幸運にも私は、モルドヴァ共和国インターナショナル・ビエンナーレ「現代アートExpo」で、グランプリを受賞した。受賞式典のため共和国に招待されて、賞金と「国立美術館」トロフィー等を授与され、文化大臣、美術館館長、市長等の挨拶後、私も式典中で受賞の挨拶をする機会を与えられた。続いて、16年前にル-マニアから独立した歴史的記念の式典が会場を移して行われたが、貴重な国家の催事に招待された私は、文化人、アーティスト、政治家、ロシア正教の大司教など、さまざまな人たちとの出会いと交流に、素晴らしい歓待を受けて、夢のような「時」を過ごすことができた。
アーティスト同士の信頼関係で、自由に交流を楽しむ
私のグランプリ受賞作品は『TokyoNow』シリ-ズの中の『Tokyo, hier et aujourdhui』であった。作品は国立美術館に収蔵されるが、美術館の学芸員に「数年前に日本政府から北斎や春信の版画が贈呈されました。あなたが彼らの次の日本人画家です」と言われとても驚いた。私のこの作品はまさに広重や北斎からのインスピレ-ションで描いたものだけに、不思議な縁のようなものを感じた。

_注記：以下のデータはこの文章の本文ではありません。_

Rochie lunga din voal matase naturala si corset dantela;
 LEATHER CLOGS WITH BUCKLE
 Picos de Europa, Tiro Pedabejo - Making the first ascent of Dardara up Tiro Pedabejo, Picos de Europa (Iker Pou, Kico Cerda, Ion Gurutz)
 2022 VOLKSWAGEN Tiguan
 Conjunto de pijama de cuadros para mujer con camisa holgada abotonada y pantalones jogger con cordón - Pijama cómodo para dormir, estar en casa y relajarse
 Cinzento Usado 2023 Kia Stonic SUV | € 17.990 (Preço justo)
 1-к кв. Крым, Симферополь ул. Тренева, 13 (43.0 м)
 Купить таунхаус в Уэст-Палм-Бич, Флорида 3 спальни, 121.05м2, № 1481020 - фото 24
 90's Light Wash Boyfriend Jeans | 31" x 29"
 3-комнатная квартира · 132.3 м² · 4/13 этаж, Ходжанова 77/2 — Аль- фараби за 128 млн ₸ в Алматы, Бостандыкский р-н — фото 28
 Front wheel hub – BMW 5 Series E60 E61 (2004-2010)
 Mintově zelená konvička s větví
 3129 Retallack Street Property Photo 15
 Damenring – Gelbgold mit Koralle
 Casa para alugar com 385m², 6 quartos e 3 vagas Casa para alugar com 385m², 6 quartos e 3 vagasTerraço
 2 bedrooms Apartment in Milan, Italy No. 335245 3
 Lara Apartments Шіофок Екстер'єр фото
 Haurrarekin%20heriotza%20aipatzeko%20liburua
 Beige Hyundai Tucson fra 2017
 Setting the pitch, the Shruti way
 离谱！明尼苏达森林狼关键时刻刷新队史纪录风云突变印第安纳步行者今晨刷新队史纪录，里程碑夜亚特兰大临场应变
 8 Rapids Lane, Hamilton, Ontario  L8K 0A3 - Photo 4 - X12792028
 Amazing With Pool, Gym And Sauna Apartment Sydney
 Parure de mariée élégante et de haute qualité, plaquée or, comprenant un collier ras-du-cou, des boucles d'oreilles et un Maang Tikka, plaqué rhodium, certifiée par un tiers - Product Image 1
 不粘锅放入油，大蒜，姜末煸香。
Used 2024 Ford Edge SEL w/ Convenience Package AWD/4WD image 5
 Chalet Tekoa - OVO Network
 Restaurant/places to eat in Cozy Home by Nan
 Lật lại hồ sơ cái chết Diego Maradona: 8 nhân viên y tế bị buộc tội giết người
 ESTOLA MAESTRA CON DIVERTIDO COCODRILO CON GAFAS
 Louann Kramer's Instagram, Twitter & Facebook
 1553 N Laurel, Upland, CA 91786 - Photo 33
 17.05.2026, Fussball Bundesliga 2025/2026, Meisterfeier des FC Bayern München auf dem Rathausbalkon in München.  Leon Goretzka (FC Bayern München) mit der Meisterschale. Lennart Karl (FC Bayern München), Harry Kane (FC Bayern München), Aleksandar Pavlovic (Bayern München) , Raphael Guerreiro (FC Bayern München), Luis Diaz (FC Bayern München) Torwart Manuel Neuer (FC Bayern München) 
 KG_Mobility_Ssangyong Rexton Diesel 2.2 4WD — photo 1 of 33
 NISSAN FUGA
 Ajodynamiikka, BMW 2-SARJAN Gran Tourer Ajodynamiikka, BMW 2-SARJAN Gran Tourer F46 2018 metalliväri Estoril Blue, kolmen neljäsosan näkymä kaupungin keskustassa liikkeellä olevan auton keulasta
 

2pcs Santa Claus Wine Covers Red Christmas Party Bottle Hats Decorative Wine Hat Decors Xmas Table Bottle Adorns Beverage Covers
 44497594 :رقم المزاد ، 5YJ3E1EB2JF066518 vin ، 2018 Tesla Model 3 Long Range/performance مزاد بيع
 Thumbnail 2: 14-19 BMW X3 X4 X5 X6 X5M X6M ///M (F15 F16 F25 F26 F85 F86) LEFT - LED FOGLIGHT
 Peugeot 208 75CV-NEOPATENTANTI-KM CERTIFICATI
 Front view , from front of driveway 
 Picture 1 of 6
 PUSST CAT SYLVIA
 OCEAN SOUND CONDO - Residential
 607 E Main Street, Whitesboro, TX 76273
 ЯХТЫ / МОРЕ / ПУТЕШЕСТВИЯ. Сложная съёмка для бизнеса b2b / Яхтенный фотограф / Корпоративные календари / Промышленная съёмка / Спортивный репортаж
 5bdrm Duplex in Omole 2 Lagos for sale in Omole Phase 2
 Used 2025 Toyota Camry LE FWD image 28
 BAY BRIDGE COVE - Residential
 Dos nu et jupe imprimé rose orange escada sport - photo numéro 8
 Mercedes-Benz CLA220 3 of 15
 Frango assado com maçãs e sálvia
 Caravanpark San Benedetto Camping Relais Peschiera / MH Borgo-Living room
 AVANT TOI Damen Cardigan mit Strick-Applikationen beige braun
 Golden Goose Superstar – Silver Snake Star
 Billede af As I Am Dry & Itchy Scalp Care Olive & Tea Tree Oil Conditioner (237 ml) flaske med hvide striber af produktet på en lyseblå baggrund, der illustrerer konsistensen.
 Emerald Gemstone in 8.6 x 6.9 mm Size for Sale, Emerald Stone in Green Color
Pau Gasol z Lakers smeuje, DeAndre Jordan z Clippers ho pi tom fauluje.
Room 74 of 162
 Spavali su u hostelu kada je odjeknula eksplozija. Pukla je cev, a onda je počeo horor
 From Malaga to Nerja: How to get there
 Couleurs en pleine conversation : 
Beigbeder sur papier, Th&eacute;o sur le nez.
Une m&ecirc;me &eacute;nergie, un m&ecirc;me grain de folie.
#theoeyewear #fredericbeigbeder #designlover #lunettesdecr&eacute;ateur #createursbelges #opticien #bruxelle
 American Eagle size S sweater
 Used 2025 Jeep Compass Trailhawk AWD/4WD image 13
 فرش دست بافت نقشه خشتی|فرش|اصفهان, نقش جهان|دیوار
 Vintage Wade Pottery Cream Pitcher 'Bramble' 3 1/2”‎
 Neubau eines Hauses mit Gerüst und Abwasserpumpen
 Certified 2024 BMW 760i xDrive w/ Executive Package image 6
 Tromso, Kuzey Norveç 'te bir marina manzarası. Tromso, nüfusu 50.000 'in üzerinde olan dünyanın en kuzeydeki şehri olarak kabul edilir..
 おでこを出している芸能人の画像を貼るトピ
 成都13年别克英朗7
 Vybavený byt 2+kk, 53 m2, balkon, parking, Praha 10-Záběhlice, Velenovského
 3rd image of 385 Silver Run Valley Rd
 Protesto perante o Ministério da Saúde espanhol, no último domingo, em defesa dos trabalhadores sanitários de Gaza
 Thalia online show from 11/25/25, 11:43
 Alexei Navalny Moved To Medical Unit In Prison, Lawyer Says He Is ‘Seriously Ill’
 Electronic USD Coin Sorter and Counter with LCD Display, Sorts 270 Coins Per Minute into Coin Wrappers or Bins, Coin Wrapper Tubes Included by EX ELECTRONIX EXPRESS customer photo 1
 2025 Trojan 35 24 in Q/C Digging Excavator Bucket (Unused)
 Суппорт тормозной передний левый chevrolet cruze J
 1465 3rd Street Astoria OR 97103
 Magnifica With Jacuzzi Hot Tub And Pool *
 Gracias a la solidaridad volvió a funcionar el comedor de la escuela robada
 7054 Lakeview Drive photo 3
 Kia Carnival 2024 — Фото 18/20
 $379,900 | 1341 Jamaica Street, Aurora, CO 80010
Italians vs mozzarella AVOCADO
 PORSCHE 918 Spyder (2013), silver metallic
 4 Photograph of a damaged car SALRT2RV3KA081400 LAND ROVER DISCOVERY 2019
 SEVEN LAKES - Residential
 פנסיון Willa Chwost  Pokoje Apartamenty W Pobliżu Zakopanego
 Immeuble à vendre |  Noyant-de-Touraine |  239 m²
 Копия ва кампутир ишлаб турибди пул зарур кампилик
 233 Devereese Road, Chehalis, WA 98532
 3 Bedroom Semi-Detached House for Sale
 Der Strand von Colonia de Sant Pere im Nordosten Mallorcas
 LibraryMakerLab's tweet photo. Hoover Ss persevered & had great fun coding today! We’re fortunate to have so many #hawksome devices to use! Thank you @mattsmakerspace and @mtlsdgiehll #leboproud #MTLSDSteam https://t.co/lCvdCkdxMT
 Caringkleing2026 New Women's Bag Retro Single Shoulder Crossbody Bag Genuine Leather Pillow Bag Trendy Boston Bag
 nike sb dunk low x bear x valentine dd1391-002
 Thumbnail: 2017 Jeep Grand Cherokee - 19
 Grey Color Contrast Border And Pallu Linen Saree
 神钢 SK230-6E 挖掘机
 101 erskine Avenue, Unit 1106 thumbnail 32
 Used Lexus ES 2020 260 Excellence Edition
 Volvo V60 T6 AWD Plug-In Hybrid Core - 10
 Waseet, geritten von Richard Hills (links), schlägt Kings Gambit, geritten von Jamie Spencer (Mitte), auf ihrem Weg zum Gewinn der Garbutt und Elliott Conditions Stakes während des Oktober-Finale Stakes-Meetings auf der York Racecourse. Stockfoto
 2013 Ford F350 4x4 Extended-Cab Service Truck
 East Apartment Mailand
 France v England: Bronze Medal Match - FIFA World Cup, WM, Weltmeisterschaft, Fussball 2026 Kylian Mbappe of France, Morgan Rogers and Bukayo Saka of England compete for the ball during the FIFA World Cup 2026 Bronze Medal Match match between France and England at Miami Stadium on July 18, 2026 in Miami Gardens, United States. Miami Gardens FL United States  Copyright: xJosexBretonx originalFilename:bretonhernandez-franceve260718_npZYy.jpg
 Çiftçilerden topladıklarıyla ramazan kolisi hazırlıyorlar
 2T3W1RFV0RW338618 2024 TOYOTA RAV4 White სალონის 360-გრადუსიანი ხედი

2009年11月上旬、友人でモルドヴァ共和国出身(パリ在住)の画家に、国での初めてのヴィエンナーレ・インターナショナルオブモルディヴァ(Biennale International of Moldov)の出展(絵画部門)を促された。締め切りの2週間位前だったので急いで準備にとりかかった。友人とE-mailと電話で何回も連絡しあって、無事期日まで間に合うように友人が手配してくれた。
一週間後、友人からの電話で知らせが届いた。「よく聞いて、あなたが大賞をとったわ。授賞式に必ず出席してね」。急いで飛行機のチケットを取り、パリからハンガリ-のブタペスト経由でキシナウへ。夜中にやっと着いたが、すでに通訳とドライバ-が待っていてくれた。次の日、国立美術館関係者と通訳と一緒に市内観光が企画されていて、歴史あるキシナウの街を観ることができた。モスクワにあるロシア正教の教会より、かわいらしいという感じのモルドヴァ正教会やルーマニア正教会があった。もちろん内部は私の大好きなすばらしいイコンが一杯。歩いている人々の表情や服装もとても明るく、自信に満ちていた。そして、何よりも快く過ごせたのは、Expo関係者がスマ-トでハンサムで、英仏語を話す通訳の女性も若く美しい人たちだったことかもしれない。モルドヴァ共和国の作家をはじめ、他国の作家たちと、異なる言語、宗教、文化の壁を越えて、アーティスト同士の信頼関係で、自由に交流を楽しめることができた。今までの経験では、これはどこの国にいっても同じである。
翌日、花束と重いトロフィーを持ってパリへ。ちなみにモルドヴァはル-マニアとウクライナの間の独立国で、やはり他の中央・東ヨ-ロッパ同様に複雑な歴史を背負っている。